[Jeux Vidéo] Sea Salt – Tu me prêtre un tentacule ?

Imaginez : vous êtes archevêque dans une ville portuaire. Tous les jours, vous priez Dagon, Dieu des océans afin que votre ville soit prospère, comme ça, comme tout bon prêtre corrompu, vous pouvez détourner l’or de l’Église en toute impunité. Dagon est grand, Dagon est bon, Dagon est exigeant, mais surtout Dagon réclame des sacrifices. Et c’est à vous qu’il va parler, vous donnant les noms de ceux que vous devrez exécuter pour lui. Après tout, qui irait pleurer le scribe ? Ou une pauvre enseignante ? En bon prêtre zélé que vous êtes vous vous y attelez. Et c’est ainsi que vous dirigez cette ville, prospère uniquement grâce au sang des malheureux.
Mais voilà, un jour, Dagon réclame l’archevêque de Nova Ugarit : en d’autres termes, vous. Et là encore, en bon prêtre que vous êtes, vous allez refuser de vous sacrifier ! Comment pourriez-vous profiter de tout cet or détourné si vous êtes condamné à être entraîné dans les profondeurs ? Et c’est ainsi que vous allez déclencher la colère de Dagon. Vous aurez beau vous réfugier dans votre église, préparer votre milice, envoyer les pauvres paysans et pêcheurs en première ligne grâce à vos mensonges, c’est trop tard. L’océan gronde, ils arrivent, ils sont en marche, ils vont tout raser sur leur passage, ne laissant derrière eux que les ruines fumantes de votre égoïsme. Et tout ça pour venir récupérer de qui revient à Dagon de droit : vous.
Sea Salt, contrairement à ce qu’on aurait pu penser, ne raconte pas la vie de Sardoche, mais nous entraîne à Nova Ugarit alors que de sombres créatures commencent à sortir de l’eau pour venir vous chercher.

Vous avez été appelé.

Un game design épuré

Comme vous l’aurez compris, dans Sea Salt vous incarnez… Dagon ! Bah oui, vous n’allez quand même pas jouer un religieux pleutre, menteur et couard ! Votre but va donc être de vous frayer un chemin jusqu'à l'église où se terre l’archevêque et de le ramener avec vous par la peau des fesses dans les profondeurs de l’océan. Pour ce faire, vous allez passer par le biais d'apôtres qui se chargeront de guider vos troupes.

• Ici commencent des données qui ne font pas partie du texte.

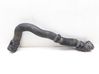 Engine coolant pipe/hose BG918260GA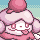 Slurpuff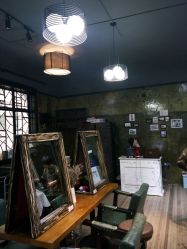 点击看大图 -M3 Hair Studio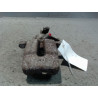 ETRIER DE FREIN ARRIERE DROIT RENAULT SCENIC I PH2 99-03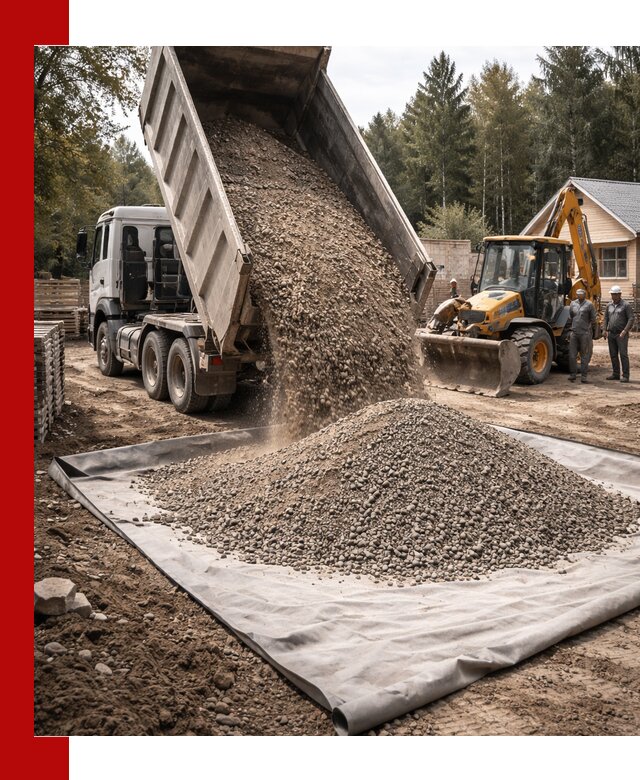 Доставка и продажа щпс С5 в Борзе крупными партиями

Comme vos yeux experts l’auront remarqué, tout est en pixel art, parfois un peu grossier, mais regorgeant de détail à qui prend le temps de regarder. Vous pourrez donc admirer les magnifiques et ingénieux moyens mis en place par notre archevêque bien-aimé pour animer les sacrifices en arrières fond. Laissez-moi vous dire qu’il ne fait pas bon vivre à Nova Ugarit.

Le monde est divisé en niveaux, chaque niveau comprenant plusieurs salles dans lesquelles il vous faudra venir à bout des ennemis présent pour accéder à la suite.
Avant chaque niveau, vous aurez la possibilité de choisir votre apôtre : vous commencerez avec Aghra de Pesca, mais vous en débloquerez vite de nouveaux, proposant ainsi un style de jeu différent et de nouvelles stratégies.

Aghra De Pesca, moins badass que Kerrigan, mais tout aussi efficace.

Comme vous pouvez le voir, votre armée de départ dépends de votre choix d’apôtre. Ici, nous commençons avec 25 Hordes, qui sont en gros des zerglings, soit des vermines affamées grouillantes en nombre important pour ceux qui ne connaissent pas la bestiole de Blizzard.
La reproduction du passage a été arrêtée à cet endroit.